Through the three main characters, “The Art of Self-Defense” offers a different lens of masculinity in each one – Casey is desperate to be a man, Sensei thinks he’s cracked the code on what it takes to be one, and Anna wants to be taken seriously by the men around her. And both Casey and Anna believe they can only reach their respective goals by following the example set by Sensei, only to become gradually more disillusioned by the model he offers.
Of course, the film gets all of this across in a far more comedic manner than any of that sounds, all of it leading up to a shockingly blunt conclusion that is the film’s mic drop of uncomfortable yet undeniably hilarious humor.
“The Art of Self-Defense” is a true gem of unapologetically dark humor, a black comedy that’s as endlessly fascinating as it is sinister in its hilarity. Jesse Eisenberg and Alessandro Nivola are equally captivating and hilarious in their pairing as a dork who thinks he’s found the wisest sage on Earth, while Imogen Poots channels equal amounts of both in a pivotal supporting role.
While the film opts to go light on the action, it uses what fighting it does have to full, disquieting advantage. It zeros in on the mental empowerment martial arts provides alongside its sly commentary on what happens when the idea of being a macho-man is taken too far. It’s dark, it’s clever, and it awakens uncomfortable laughter in all the ways a finely-polished black comedy should – “The Art of Self-Defense” is
this generation’s “Fight Club”!
- The movie was filmed in Kentucky in the fall of 2017.

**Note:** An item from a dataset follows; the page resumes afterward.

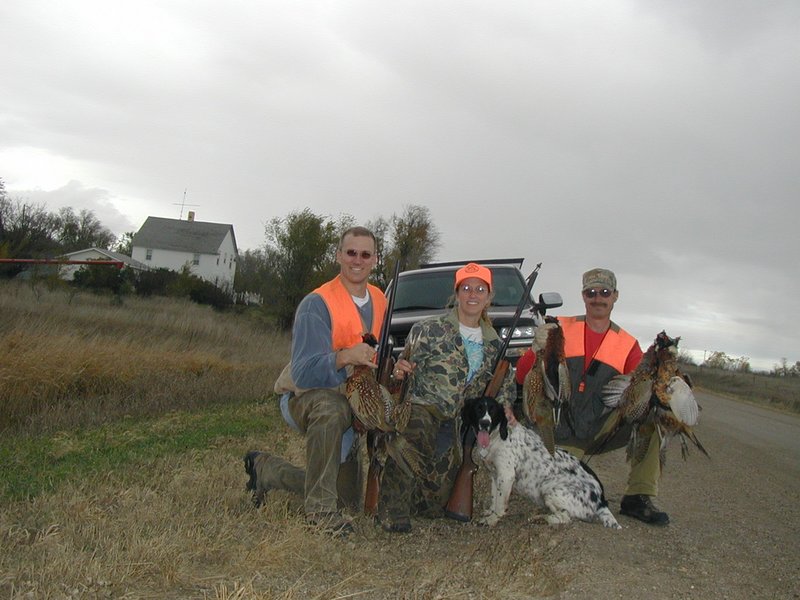 2004/10(October)/SD-Hunting/800x600_2004-10-26-Pheasant-Hunting-3-Travis-Rose-Mark-Pepper.JPG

- Mindy Kelly served as the film’s stunt coordinator/fight choreographer. Some of her past stunt credits include “The Dark Knight Rises”, season one of “Daredevil”, “Grown-Ups”, “Transformers: Age of Extinction”, and “Alita: Battle Angel”. She also did performance capture for the video game “Injustice 2”.
- Neither Jesse Eisenberg, Alessandro Nivola, or Imogen Poots had any previous martial arts experience, and were all trained for the film by Mindy Kelly.
- For Jesse Eisenberg, Mindy Kelly specifically trained him to the approximate skill level of a yellow belt, his character’s rank in the film.
- The film’s director, Riley Stearns, is a Jiu Jitsu practitioner.
- “This is your belt. It is yours. It is sacred. There’ll be a $15 charge to replace a lost belt.” – Sensei (handing Casey his white belt.)
- “White is before color. You haven’t earned color yet.” – Anna (when Casey asks about belt rankings.)
- “I’m afraid. I’m afraid of the dark. I’m afraid of other men. They intimidate me. I want to be what intimidates me.” – Casey (explaining why he wants to learn martial arts.)